▶ Data provided
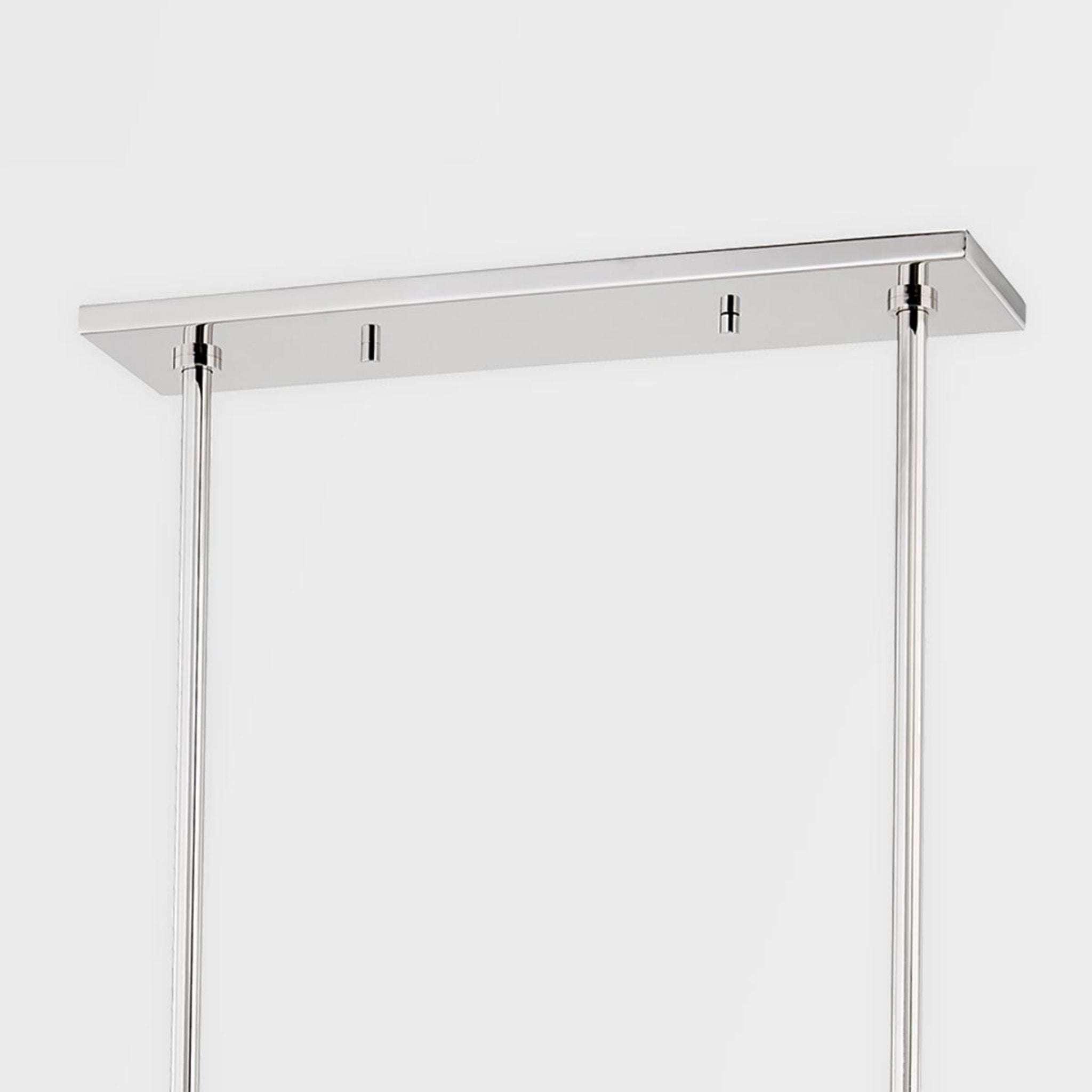 Karin 1-Light Wall Sconce in  Polished Nickel 8.75L x 8.75W x 15.25H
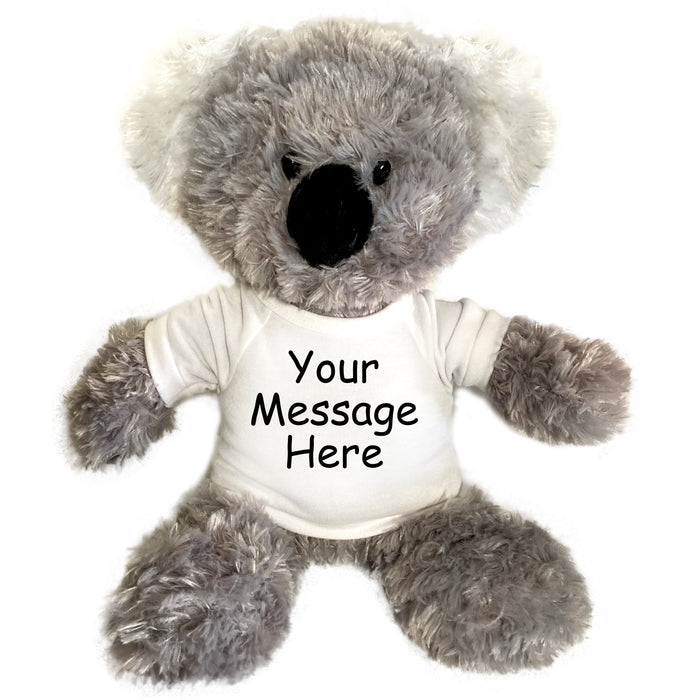 Personalized Stuffed Koala - 12 inch Aurora Plush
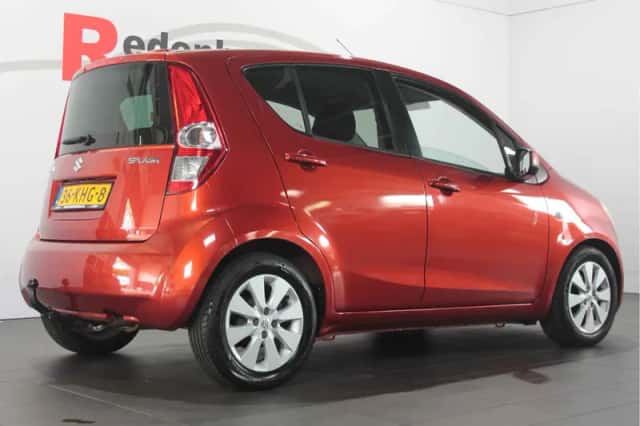Suzuki Splash (2009) thumbnail 2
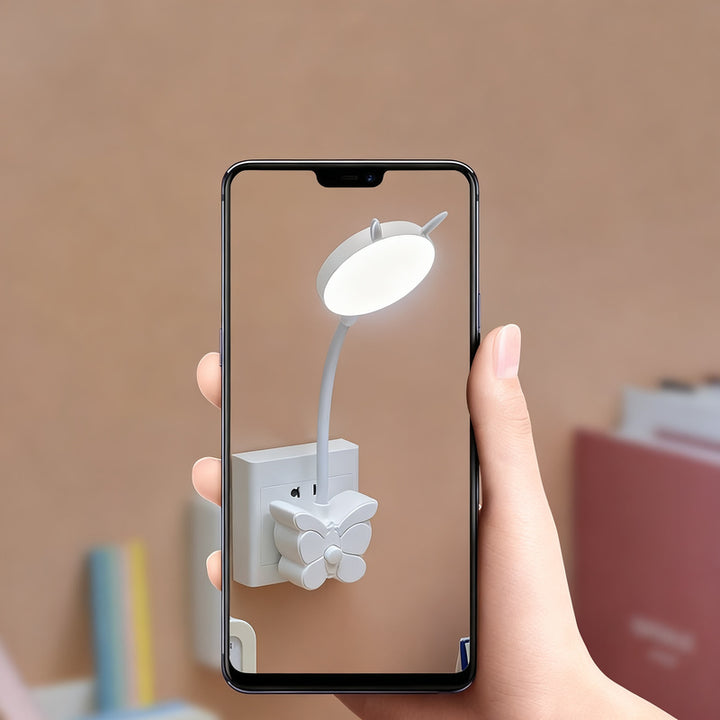 Magnetische LED-Schreibtischlampe mit Fernbedienung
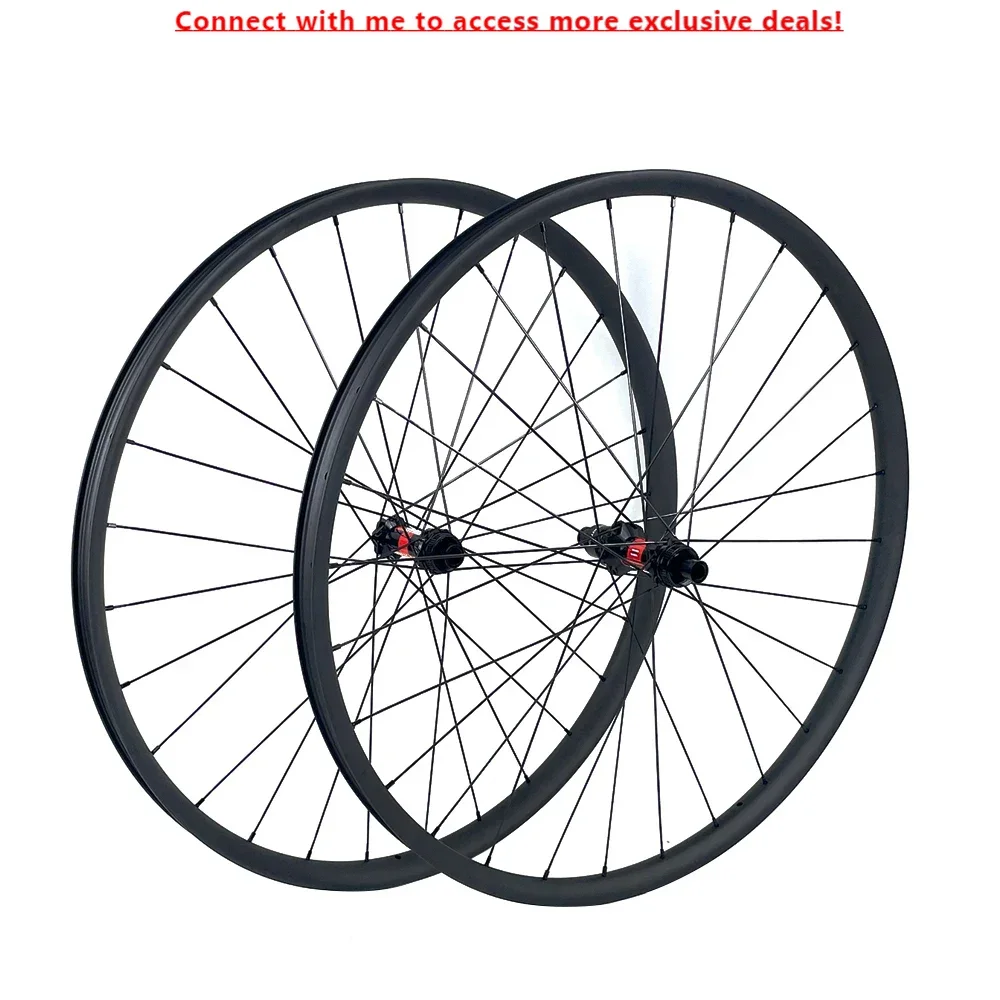 Airwolf Super Light Carbon MTB Wheelset 29er Tubeless Boost 29-дюймовые колеса для горного велосипеда DT240 Колеса HG/XD/MS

▶ Aim of the exercise
Give the listing again word for word. Skip every image.

▶ Exercise output
 Karin 1-Light Wall Sconce in  Polished Nickel 8.75L x 8.75W x 15.25H
 Personalized Stuffed Koala - 12 inch Aurora Plush
Suzuki Splash (2009) thumbnail 2
 Magnetische LED-Schreibtischlampe mit Fernbedienung
 Airwolf Super Light Carbon MTB Wheelset 29er Tubeless Boost 29-дюймовые колеса для горного велосипеда DT240 Колеса HG/XD/MS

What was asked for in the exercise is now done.